C'est complètement stupide et c'est pour ça que j'adore ce film. ça ne se soucie jamais d'être crédible. Tout le monde sait qu'un ancien commando a une chambre forte ou il planque des armes d'assaut (pourquoi Schwarzy n'a pas cacher sa fille à l'interieur ?) ou encore qu'il est possible d'imiter tarzan avec des ballons en forme de saucisses et surtout que dans n'importe quel armurerie on peut se procurer des grenades et des lances roquettes, que la police ne menotte personne quand elle arrête quelqu'un ou le mieux mettre du maquillage de camouflage avant de tuer tous les terroristes. C'est logique quand on a des grenades des mitraillettes un fusil à pompe et un lance roquette et aucune intention d'être discret on se camoufle. Et ça c'est juste quelques exemples, mais les dialogues aussi sont ridiculement drôle et avoir un méchant qui ressemble à freddy mercury c'est pas la classe ça ? La turie final est un bon exemple de fou rire garanti.
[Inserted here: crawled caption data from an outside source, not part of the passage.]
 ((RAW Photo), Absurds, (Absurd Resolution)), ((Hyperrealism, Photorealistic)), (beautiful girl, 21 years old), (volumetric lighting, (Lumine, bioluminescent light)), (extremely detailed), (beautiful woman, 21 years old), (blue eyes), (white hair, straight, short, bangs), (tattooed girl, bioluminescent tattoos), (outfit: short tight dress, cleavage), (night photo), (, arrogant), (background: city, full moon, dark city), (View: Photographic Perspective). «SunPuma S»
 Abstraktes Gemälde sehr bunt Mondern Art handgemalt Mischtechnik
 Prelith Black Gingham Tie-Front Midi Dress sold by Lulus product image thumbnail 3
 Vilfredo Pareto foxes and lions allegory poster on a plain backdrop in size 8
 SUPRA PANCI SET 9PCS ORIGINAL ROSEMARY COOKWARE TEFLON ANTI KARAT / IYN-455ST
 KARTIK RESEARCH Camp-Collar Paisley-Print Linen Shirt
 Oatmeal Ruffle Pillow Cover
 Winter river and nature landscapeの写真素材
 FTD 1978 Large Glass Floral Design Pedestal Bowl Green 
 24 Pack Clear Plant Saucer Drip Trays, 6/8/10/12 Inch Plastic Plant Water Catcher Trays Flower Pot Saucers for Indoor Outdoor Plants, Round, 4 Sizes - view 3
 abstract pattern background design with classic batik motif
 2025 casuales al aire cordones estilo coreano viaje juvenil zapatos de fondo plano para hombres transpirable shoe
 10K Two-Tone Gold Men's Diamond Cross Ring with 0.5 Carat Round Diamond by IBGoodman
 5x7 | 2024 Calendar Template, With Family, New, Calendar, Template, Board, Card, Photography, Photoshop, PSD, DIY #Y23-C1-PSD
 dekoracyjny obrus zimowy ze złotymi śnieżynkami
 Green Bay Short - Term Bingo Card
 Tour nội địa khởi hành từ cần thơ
On a pas l'impression que Schwarzy vise les ennemis mais qu'il pointe son flingue. Et il peut le pointer n'importe ou il va toucher sa cible. Ou plutôt ses cibles. Par contre les ennemis ils sont deux cents et ils n'arrivent même pas à le toucher. Et ça se dit terroristes.... Et je n'ai pas mentionné la scène qui sert de générique d'ouverture très drôle elle aussi. Bref "Commando" est un bon gros nanar des années 80 come on n'en fait plus, ou la connerie est assumée et ne souciait guère du reste tant qu'on a des répliques macho, drôle de ridicule des muscles et des explosions.